Each record that comes next should be output exactly; pictures do not belong in the copy.

Captioned web image data
● ● ●

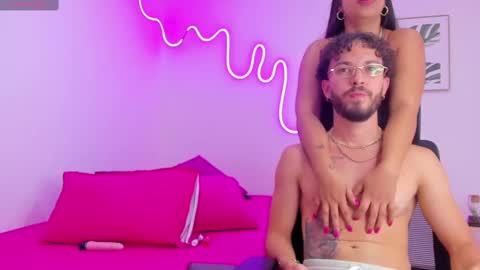 Snapshot of violet_and_paul chatting on 8, 10, 2025 Violet and Paul online show from 8, 10, 2025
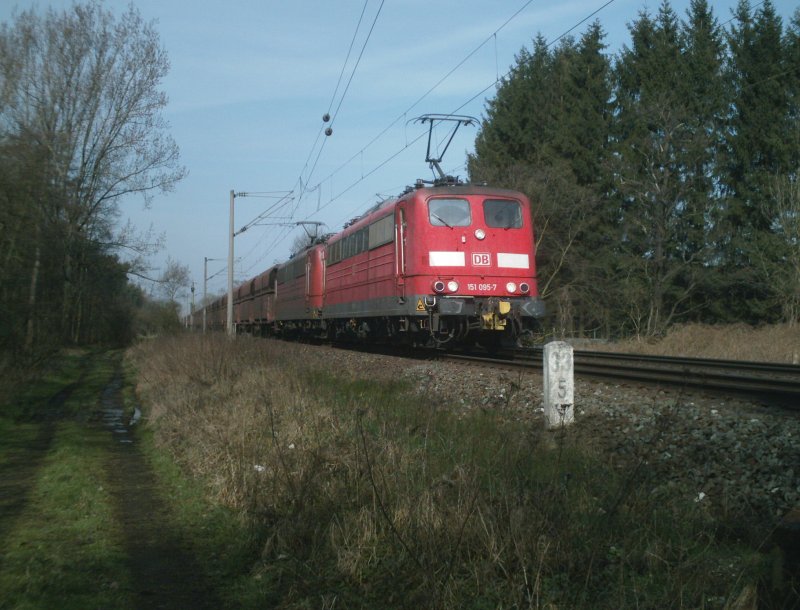 Der schwerste Zug Deutschlands:
6000 t schwerer Erzzug angefhrt von 151 095 und
Schwesterlok Hhe Peine-Horst aus Hamburg-Hansaport
Richtung Salzgitter-Beddingen am 27.03.2008.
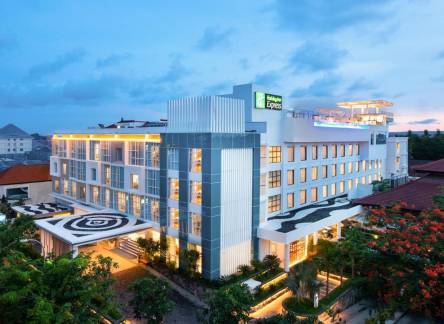 Отель Holiday Inn Express Baruna Bali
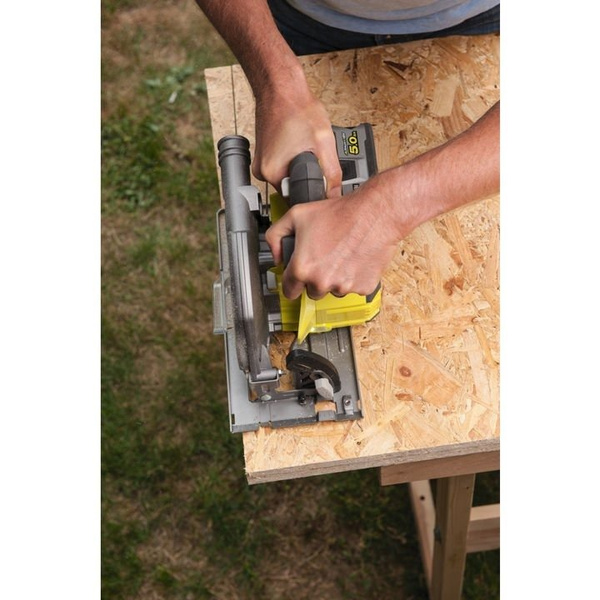 Pilarka tarczowa Ryobi R18CS7-0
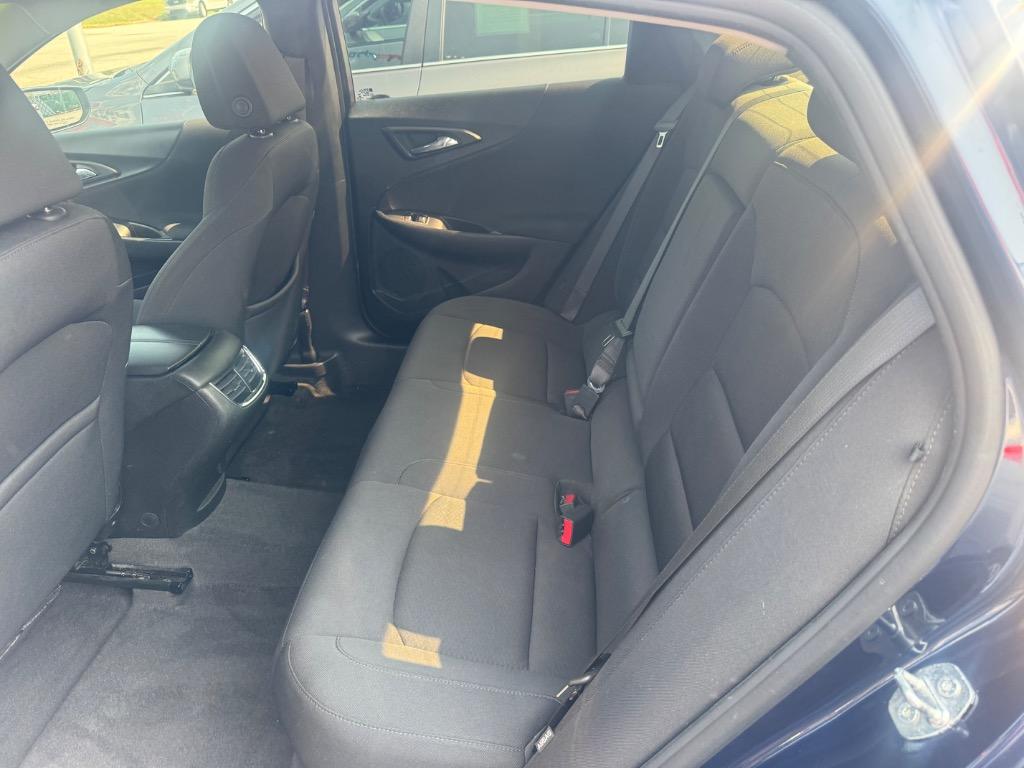 2021 Chevrolet Malibu - $13,995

● ● ●

Task response |
 Snapshot of violet_and_paul chatting on 8, 10, 2025 Violet and Paul online show from 8, 10, 2025
 Der schwerste Zug Deutschlands:
6000 t schwerer Erzzug angefhrt von 151 095 und
Schwesterlok Hhe Peine-Horst aus Hamburg-Hansaport
Richtung Salzgitter-Beddingen am 27.03.2008.
 Отель Holiday Inn Express Baruna Bali
 Pilarka tarczowa Ryobi R18CS7-0
 2021 Chevrolet Malibu - $13,995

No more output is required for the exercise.